Pero esto ha sido diferente. Aquí nadie ha querido marcar su territorio o dejar su firma sobre la de Anaya. No le han pintado bigotes al Cristo ni le han plantado un símbolo obsceno al lado. Aquí hay una intención de hacer daño más allá del plano artístico a una imagen que ha sacralizado de forma espontánea un lugar abandonado, convirtiéndolo en un altar improvisado. Al Cristo le han borrado el rostro a base de spray y le han colocado una esvástica en el cuerpo. Ya no se trata solo de la falta de sensibilidad de quien destruye algo bello, seas o no creyente, lo que realmente sorprende es la ignorancia de quien lo hace.
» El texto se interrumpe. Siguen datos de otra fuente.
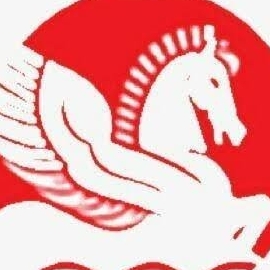 singhalindustries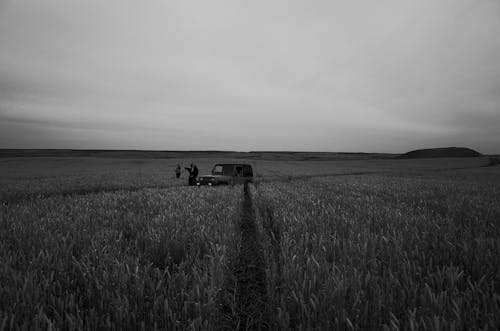 Fotos de stock gratuitas de aparcado, blanco y negro, campo de cultivo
Para empezar, porque si lo que pretendía esa persona era tachar de nazismo al cristianismo, le faltan muchas lecciones de historia. Si por el contrario se trata de una reivindicación nazi, le faltan todavía más. Porque cuesta, y mucho, entender que hoy se siga haciendo apología de una ideología que busca la destrucción del otro, del diferente, del que no es como tú. Y que lo hagan, precisamente, jóvenes que han crecido en un país que ha peleado tanto por la libertad y por la tolerancia. Jóvenes que tienen a su disposición mil maneras de informarse de lo que significa y significó el nazismo en Europa.
Muchos en las redes sociales hablaban estos días de «falsa bandera», como si quien lo hubiera hecho quisiera en realidad atribuir esa acción a alguna facción de extrema derecha con el fin de atacarla. Pero me temo que la explicación, probablemente, sea más simple y preocupante: que quien sea se ha apropiado de un símbolo y lo vomita sin nisiquiera saber lo que representa realmente, solo porque intuye que es un gesto de rebeldía, algo molesto e hiriente. Ya ha hecho la gracia. Sin más. Como decía hace unos días en este periódico el dibujante José Pablo García, que ha convertido a Franco en un personaje de cómic en la biografía del dictador escrita por Paul Preston, «hay adolescentes gritando su nombre en los institutos y no está de más que sepan lo que hizo».